Loyalty VS. The Bottom Line


Published on Meetings & Events

August 8, 2012

Is your wallet full of plastic cards that offer "Rewards" or "Miles" in exchange for your patronage? Individual businesses may offer some little perk, like cheaper gasoline or lower prices on select items. That's what loyalty has come to: a strictly dollars-and-cents, bottom-line equation. For businesses it's make the fastest, easiest buck possible. For consumers, it's save every last penny.

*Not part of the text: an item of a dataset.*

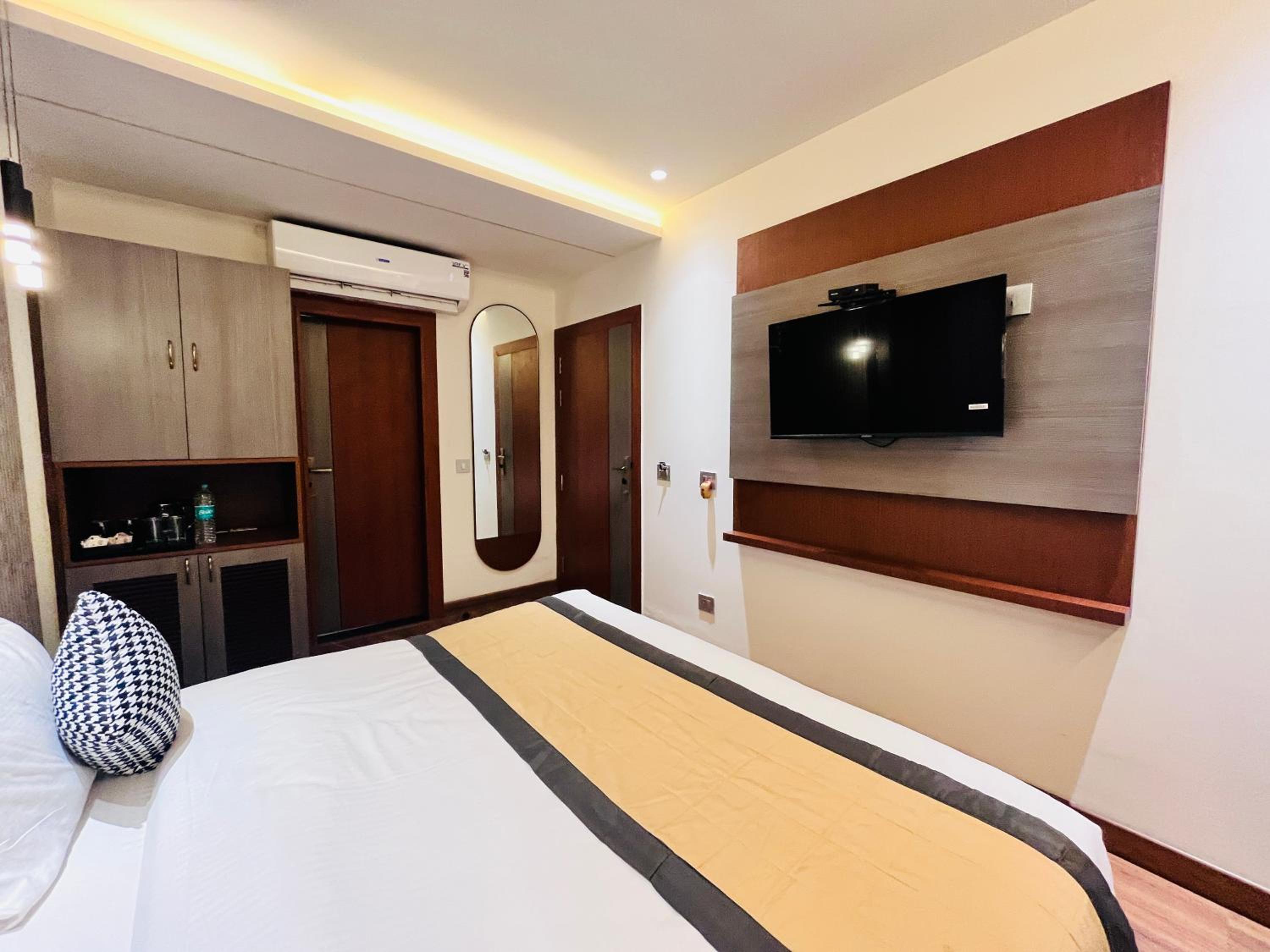 Deluxe Double Room (2 Adults + 1 Child)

The nature of and importance of loyalty is a hot topic in the business press. Several books devoted to gaining and retaining loyalty among customers, employees and friends peel back the layers of some pretty complex ethical and moral issues. But at the heart of them is a fundamental premise: Do unto others as you would have them do unto you. While that may sound preachy, it's essentially true, and it plays out pretty vividly in business, where short-term gains have come to overshadow long-term benefits.

Loyalty is a concept that most people apply to spouses, families, country and perhaps a few other institutions: remember "Be true to your school?" In the past, loyalty was a manifestation of patiently built and nurtured relationships and shared experiences and values. It was about people getting to know one another and building up trust in one another. It was about honesty, communication and flexibility. Integrity. Quality.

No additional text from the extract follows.